Government helped Mossack Fonsecca’s tax avoidance business

The National Government helped facilitate Mossack Fonsecca’s tax avoidance business in New Zealand when it put a stop to Inland Revenue’s proposed review of foreign trust regulation, the Green Party says.

The Panama Papers show companies connected to the Prime Minister’s lawyer, and others who lobbied the Government to get the IRD off their backs, were involved with Mossack Fonsecca’s world-wide tax avoidance network.

“Instead of helping the world crack down on tax avoidance, the National Government helped make New Zealand a magnet for people looking to hide their money from their countries’ governments,” Green Co leader James Shaw said.

“Over the past few years the IRD has warned the National Government that New Zealand was being seen as a tax haven, but instead of doing something about it, the Government told the IRD to back off.

“While other world leaders have used the Panama Papers as an opportunity to crack down on global tax avoidance, John Key’s first instinct has been to defend it and the network of secret trusts that allows it to take place.

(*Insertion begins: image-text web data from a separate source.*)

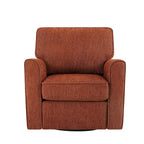 Fauteuil pivotant à 360° en chenille, fauteuil moderne avec poches latérales, fauteuil pivotant, fauteuil inclinable ergonomique pour chambre à coucher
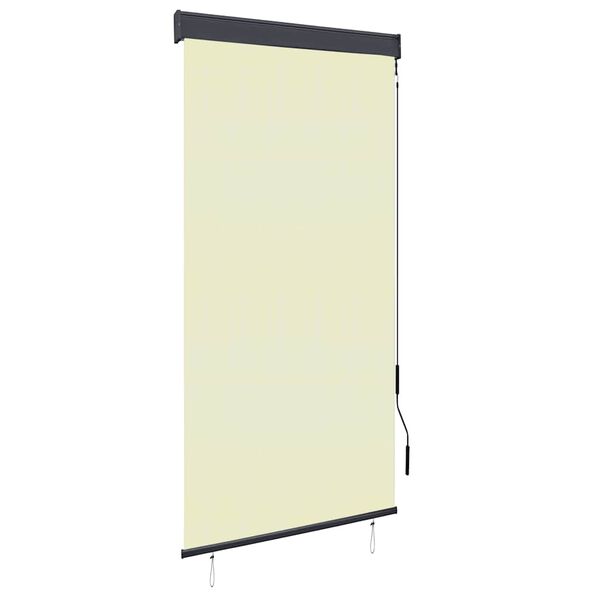 vidaXL Outdoor Roller Blind 100x250 cm Cream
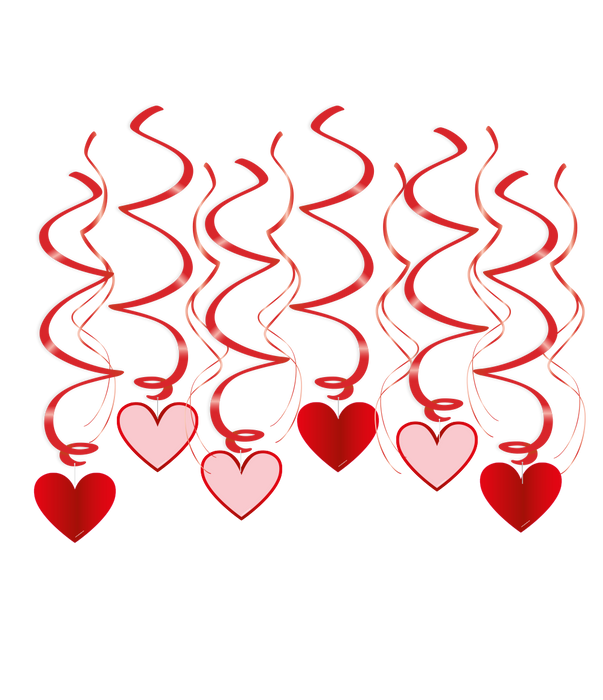 Hangdecoratie Love 12st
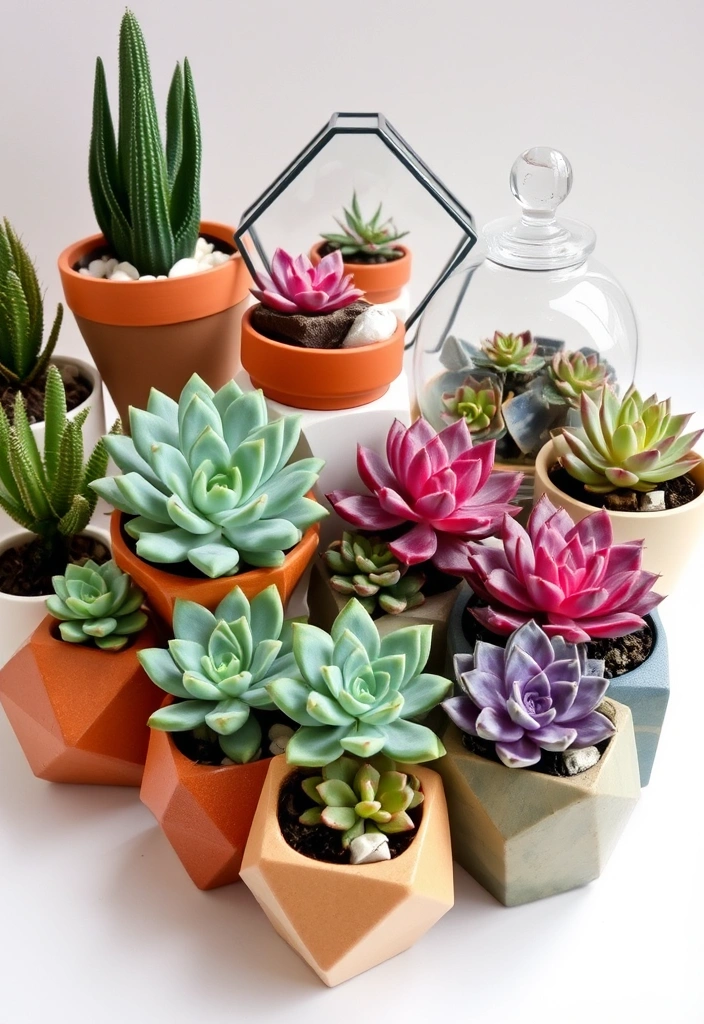 21 Small Garden Ideas That Will Transform Your Tiny Space into a Green Oasis! - 8. Succulent Displays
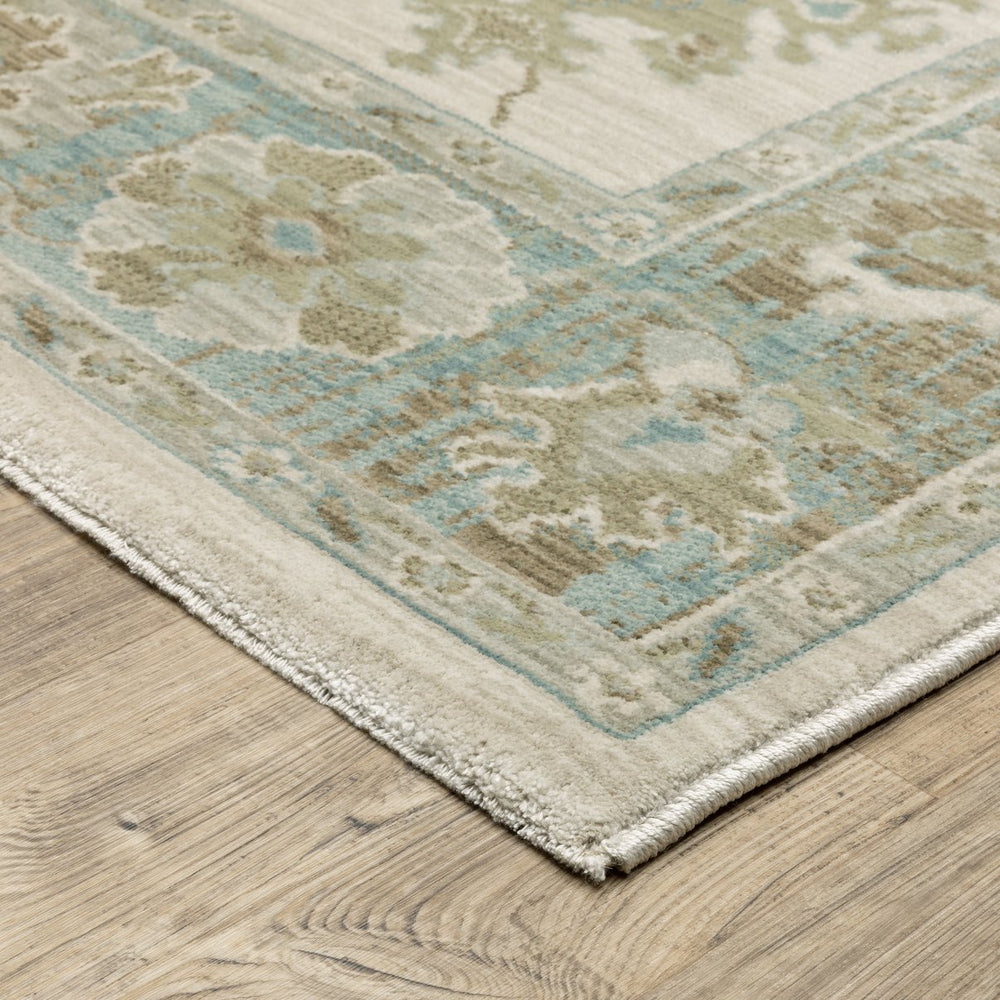 Oriental Weavers Maeve Indoor Area Rug - Ethereal Neutral Palette With Bohemian Flair For Modern Home Décor Beige,Teal Polypropylene Mmae10068235st
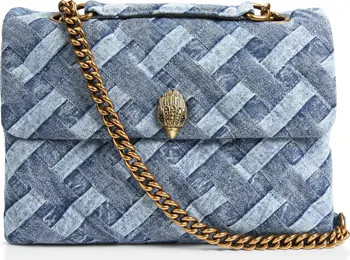 Kurt Geiger London Large Kensington Denim Shoulder Bag | Nordstrom | Nordstrom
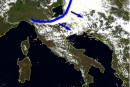Immagine satellitare ore 13.30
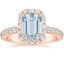 14K Rose Gold Sienna Halo Three-Quarter Coverage Diamond Ring (3/4 ct. tw.), smalltop view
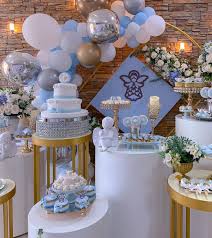 Para imprimir gratis, para bautismos de niña. Guia Para La Decoracion De Bautizo De Nino Centros De Mesas Y Mas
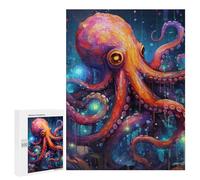 Jigsaw 500 PCS for Teenagerss Magical Octopus Artwork Jigsaw Relax Games Difficult Challenge Unique Gifts for Birthday And Christmas 500 PCS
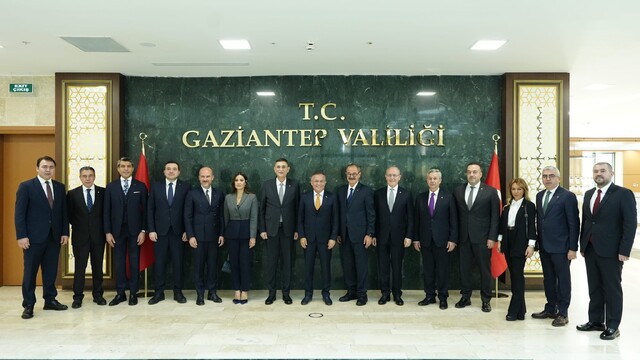 GSO'dan yeni dönem dolayısıyla Gaziantep protokolüne ziyaret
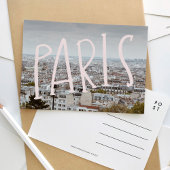 Het Uitzicht van Paris Hand Lettered Briefkaart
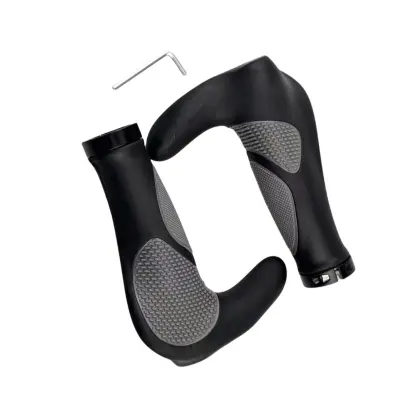 Ergonomski gumeni rukohvati za upravljač s metalnim završecima za MTB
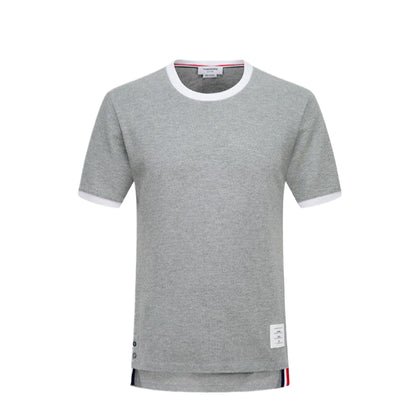 4-Bar Solid Color T-shirt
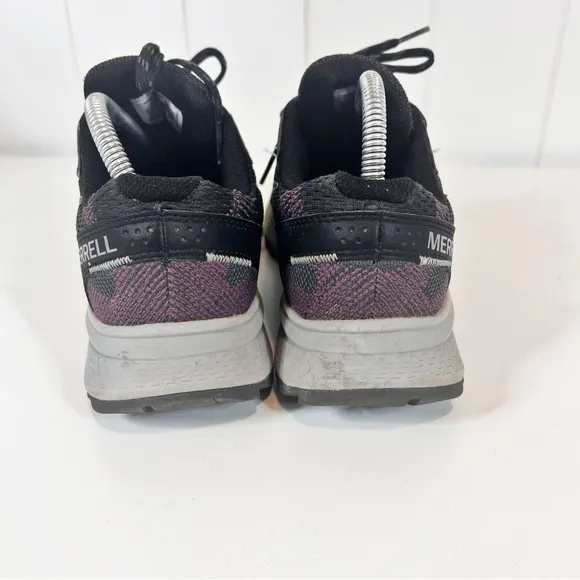 Merrell Women's Fly Strike Trail Runner Sneakers Size 9 Lightweight Black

“John Key’s defence of the global tax avoidance problem has to stop. Today the Prime Minister should signal he takes this fiasco seriously by broadening John Shewan’s one-man Trust Review into a proper inquiry that involves a panel of experts, and public input.

“The Government should be using every available power to stop New Zealand being used as a tax haven. If it doesn’t, the National Government is effectively saying to the world that it’s OK for someone not to pay their fair share of tax if they have the means to get out of it, while everyone else continues to do their bit,” Mr Shaw said.